6-6, 280-pound Chad Smith played every game at left guard last season, and now he'll move over to the right side, swapping places with Gay. He saw time at tackle before settling in at guard, and while he's not the most physical blocker, he doesn't have to be in this offense. Even so, he won't be a liability for the running game. As the only senior starter, he'll have to be a leader.

Projected Top Reserves: Senior Mike Miller has seen plenty of time over the course of his career with three starts, though he hasn't done too much on the offense. Before bulking up to 273 pounds on a 6-3 frame, he was a tight end and a slot receiver, and now he'll back up Walton at center.

Behind Boatner at right tackle is extremely promising sophomore Jordan Hearvey, who didn't see any time last year, but has good potential.
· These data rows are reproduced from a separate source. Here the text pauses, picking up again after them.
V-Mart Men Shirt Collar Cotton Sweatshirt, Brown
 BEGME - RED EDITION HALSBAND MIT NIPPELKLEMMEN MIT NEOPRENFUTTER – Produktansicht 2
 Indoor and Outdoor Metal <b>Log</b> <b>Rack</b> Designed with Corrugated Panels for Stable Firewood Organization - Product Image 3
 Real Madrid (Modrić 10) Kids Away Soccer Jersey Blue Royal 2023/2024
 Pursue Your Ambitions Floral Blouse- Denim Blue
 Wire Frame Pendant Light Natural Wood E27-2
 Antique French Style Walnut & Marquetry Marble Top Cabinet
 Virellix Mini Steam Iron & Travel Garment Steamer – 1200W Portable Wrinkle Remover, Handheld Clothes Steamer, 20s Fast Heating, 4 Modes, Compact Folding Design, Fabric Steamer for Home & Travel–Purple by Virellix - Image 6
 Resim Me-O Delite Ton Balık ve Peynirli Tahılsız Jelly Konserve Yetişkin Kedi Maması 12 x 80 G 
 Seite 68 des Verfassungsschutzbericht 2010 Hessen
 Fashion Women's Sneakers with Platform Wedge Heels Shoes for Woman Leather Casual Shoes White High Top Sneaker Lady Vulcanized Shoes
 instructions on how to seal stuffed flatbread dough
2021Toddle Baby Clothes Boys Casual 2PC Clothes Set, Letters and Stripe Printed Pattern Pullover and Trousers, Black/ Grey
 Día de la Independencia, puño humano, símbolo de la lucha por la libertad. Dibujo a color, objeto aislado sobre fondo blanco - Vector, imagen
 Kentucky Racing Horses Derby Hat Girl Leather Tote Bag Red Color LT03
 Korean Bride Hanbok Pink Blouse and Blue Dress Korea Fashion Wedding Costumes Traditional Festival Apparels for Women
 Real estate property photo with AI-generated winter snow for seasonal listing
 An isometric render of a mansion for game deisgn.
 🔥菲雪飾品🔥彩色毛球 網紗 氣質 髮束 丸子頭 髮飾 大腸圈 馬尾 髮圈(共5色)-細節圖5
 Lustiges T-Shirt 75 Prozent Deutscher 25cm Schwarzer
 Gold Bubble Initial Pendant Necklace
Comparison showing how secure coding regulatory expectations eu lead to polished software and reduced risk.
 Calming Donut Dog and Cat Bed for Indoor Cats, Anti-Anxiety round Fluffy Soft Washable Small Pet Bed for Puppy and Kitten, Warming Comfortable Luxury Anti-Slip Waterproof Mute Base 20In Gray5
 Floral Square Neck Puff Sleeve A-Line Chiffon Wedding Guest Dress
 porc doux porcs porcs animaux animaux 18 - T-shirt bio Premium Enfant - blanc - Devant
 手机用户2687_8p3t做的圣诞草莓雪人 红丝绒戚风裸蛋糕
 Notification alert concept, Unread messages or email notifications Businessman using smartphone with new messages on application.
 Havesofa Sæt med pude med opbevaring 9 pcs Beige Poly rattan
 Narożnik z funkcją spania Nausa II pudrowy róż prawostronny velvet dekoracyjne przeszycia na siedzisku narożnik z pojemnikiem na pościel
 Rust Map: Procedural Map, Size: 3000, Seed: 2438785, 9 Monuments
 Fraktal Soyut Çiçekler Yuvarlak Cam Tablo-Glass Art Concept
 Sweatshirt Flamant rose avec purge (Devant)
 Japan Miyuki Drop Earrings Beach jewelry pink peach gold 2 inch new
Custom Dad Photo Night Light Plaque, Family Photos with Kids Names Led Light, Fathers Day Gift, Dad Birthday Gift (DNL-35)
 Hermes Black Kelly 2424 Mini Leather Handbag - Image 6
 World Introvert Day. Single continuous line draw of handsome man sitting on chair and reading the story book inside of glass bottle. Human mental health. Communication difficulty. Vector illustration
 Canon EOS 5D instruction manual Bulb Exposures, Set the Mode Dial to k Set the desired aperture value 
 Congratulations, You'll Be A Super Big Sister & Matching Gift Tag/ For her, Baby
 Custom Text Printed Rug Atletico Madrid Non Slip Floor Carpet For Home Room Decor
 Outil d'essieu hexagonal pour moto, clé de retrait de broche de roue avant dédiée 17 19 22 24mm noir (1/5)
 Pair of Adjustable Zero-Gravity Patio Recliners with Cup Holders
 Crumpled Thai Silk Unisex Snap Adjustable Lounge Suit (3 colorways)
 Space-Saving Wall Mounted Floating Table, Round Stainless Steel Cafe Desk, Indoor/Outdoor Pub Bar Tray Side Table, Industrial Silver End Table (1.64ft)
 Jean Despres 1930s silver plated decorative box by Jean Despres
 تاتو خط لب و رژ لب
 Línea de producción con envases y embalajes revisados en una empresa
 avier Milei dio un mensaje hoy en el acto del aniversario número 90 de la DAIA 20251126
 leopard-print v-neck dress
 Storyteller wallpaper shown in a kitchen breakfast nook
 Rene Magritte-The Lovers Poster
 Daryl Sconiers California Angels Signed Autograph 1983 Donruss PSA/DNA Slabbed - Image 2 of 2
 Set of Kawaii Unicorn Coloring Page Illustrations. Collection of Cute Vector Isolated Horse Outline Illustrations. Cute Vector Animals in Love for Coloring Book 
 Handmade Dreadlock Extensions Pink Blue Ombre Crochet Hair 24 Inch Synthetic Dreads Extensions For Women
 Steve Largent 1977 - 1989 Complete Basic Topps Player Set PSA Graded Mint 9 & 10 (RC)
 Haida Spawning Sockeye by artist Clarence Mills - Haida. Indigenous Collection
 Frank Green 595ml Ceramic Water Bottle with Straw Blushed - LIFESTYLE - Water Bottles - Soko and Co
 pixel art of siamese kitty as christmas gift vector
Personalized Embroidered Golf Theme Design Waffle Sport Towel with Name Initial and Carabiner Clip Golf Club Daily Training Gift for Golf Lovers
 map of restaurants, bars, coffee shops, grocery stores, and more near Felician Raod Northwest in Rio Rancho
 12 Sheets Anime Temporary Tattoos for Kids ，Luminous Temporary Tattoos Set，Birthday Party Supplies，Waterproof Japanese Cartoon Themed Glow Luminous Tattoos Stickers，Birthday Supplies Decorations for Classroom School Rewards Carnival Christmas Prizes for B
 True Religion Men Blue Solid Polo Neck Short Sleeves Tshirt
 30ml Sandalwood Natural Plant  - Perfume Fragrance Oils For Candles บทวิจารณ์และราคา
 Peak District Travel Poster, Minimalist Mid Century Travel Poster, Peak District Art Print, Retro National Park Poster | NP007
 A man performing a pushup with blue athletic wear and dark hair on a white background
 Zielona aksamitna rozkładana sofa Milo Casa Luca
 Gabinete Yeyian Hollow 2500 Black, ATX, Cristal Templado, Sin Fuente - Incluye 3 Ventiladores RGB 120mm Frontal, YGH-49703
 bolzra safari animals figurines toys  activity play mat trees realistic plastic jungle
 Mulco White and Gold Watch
At 6-4 and 305 pounds, he's heavier than Boatner, but he's an excellent athlete.

6-2, 270-pound sophomore Sam Sledge has seen time at center and now will back up Gay at left guard. The former walk-on is a smart, tough player who might be undersized, but he's good enough to be a part of a rotation.
 
Watch Out For ... Smith and Gay to be better on the left side. They spent last year getting acclimated to the life of being starting offensive linemen in the Big 12. Now they know what they're doing.
Strength: Athleticism. The line is put together to be quick and do well on the move. Baylor has a hard time getting linemen who are big and athletic, so it's top blockers are often times converted from other positions. That's not always a bad thing.
Weakness: Depth. There isn't any. The line has to work on getting the starters in the right place and creating some sort of cohesion, much less finding quality backups who can step in and shine if needed.
Outlook: The line will be better, and it's not just because it can't be any worse than it was last year. Gay and Jason Smith should be better now that they're experienced and working together on the left side. Walton adds a desperately needed big body in the middle, and Chad Smith and Boatner will be fine, in time, on the right side. Don't expect a sledgehammer of a running game from the front five, and the pass protection is still a work in progress, but the spread should be smoother after everyone has had a year to learn it.